**Exercise objective:** Please repeat only the lines below starting at the line that holds "Johmsee C.Bulls #8" and ending at the line that holds "Victorian Toy Puzzle", exactly, with both of those lines included and every picture omitted.

**Record set:**

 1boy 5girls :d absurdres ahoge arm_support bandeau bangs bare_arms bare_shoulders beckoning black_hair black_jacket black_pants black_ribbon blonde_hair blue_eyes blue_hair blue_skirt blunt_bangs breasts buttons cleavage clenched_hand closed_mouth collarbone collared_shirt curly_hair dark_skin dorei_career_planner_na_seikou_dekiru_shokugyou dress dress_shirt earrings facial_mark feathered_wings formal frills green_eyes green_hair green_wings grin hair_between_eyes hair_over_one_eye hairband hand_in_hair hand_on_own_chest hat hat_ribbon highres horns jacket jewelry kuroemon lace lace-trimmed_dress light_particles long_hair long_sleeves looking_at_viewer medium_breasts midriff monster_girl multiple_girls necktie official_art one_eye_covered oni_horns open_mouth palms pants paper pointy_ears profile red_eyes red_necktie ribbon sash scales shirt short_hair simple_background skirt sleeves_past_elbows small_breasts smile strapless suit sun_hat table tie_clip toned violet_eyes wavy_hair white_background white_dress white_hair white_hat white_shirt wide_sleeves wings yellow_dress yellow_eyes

--

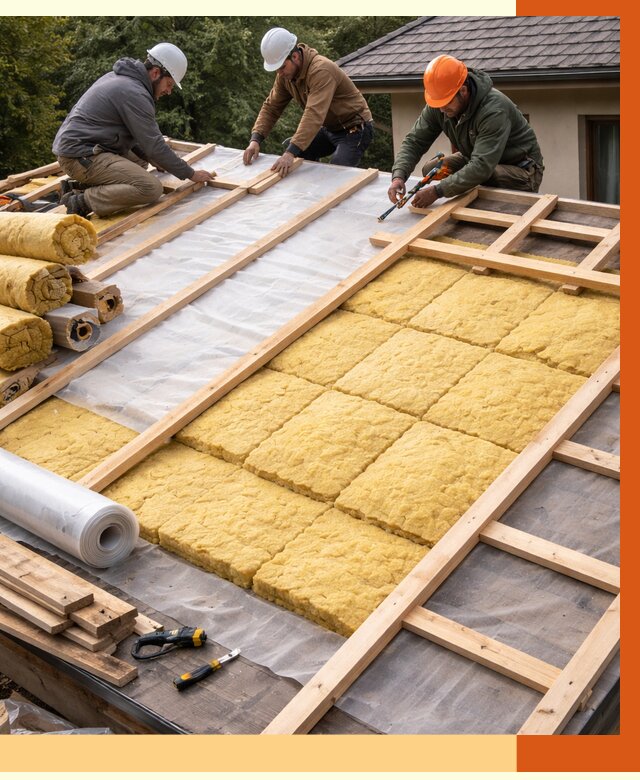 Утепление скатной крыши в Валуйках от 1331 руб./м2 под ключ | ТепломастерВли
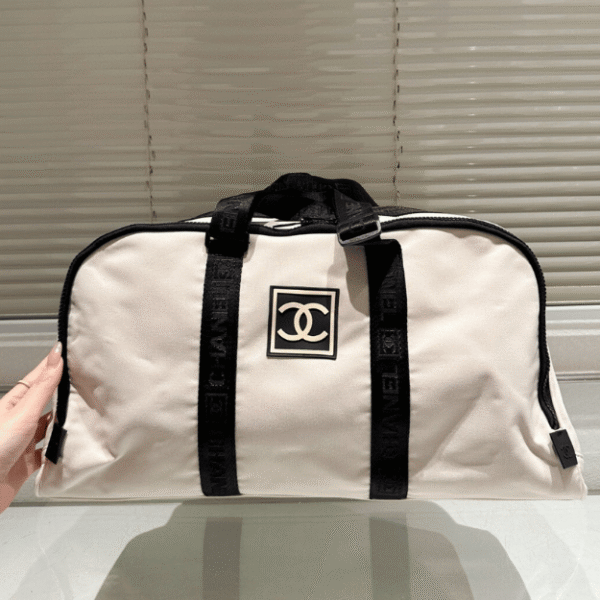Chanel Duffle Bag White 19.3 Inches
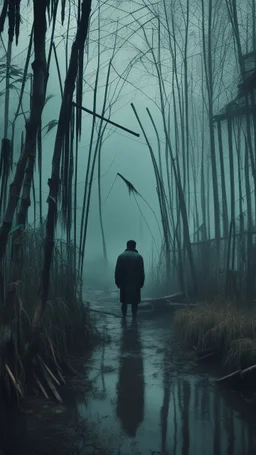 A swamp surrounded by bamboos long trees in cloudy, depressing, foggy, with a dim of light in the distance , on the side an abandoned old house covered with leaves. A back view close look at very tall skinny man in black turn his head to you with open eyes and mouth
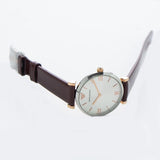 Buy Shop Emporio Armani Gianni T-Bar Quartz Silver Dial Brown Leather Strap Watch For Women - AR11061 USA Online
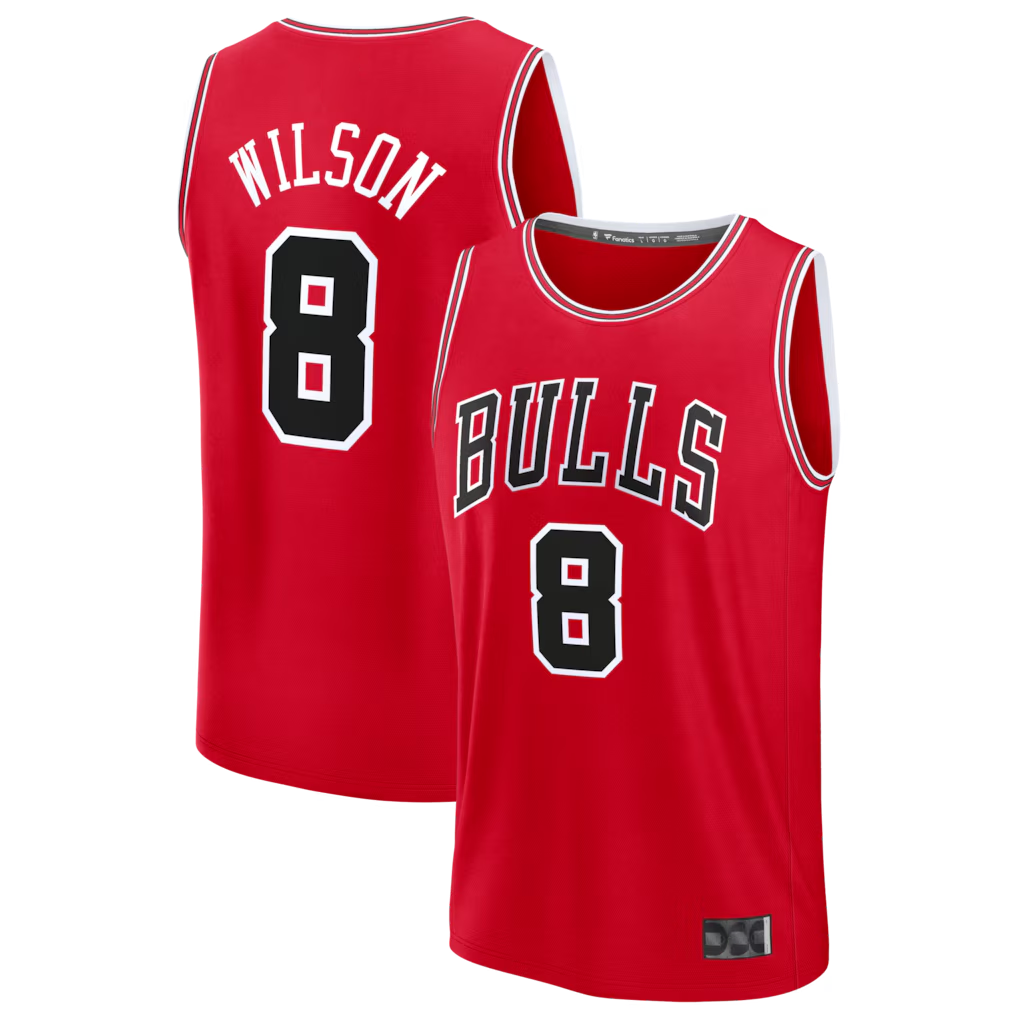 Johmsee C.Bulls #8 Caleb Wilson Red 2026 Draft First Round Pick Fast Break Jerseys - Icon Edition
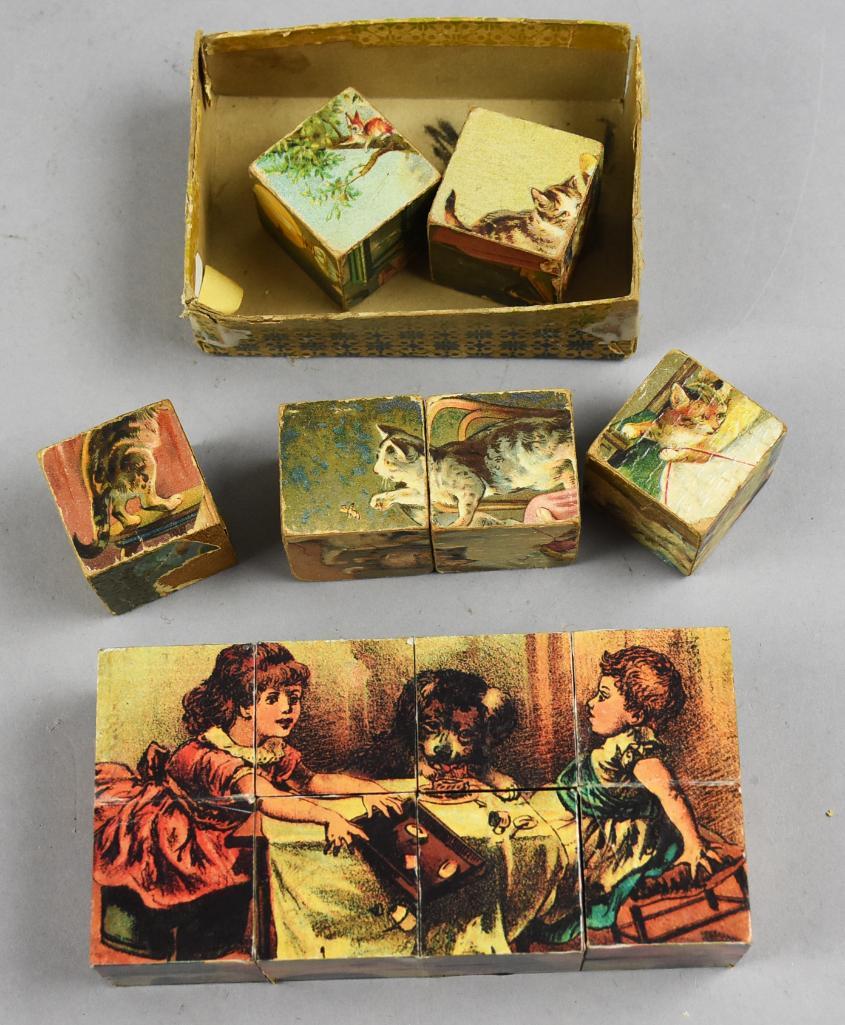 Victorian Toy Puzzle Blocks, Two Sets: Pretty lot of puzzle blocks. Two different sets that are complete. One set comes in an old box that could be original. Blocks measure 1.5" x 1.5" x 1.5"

**Task solution:**
 Johmsee C.Bulls #8 Caleb Wilson Red 2026 Draft First Round Pick Fast Break Jerseys - Icon Edition
 Victorian Toy Puzzle Blocks, Two Sets: Pretty lot of puzzle blocks. Two different sets that are complete. One set comes in an old box that could be original. Blocks measure 1.5" x 1.5" x 1.5"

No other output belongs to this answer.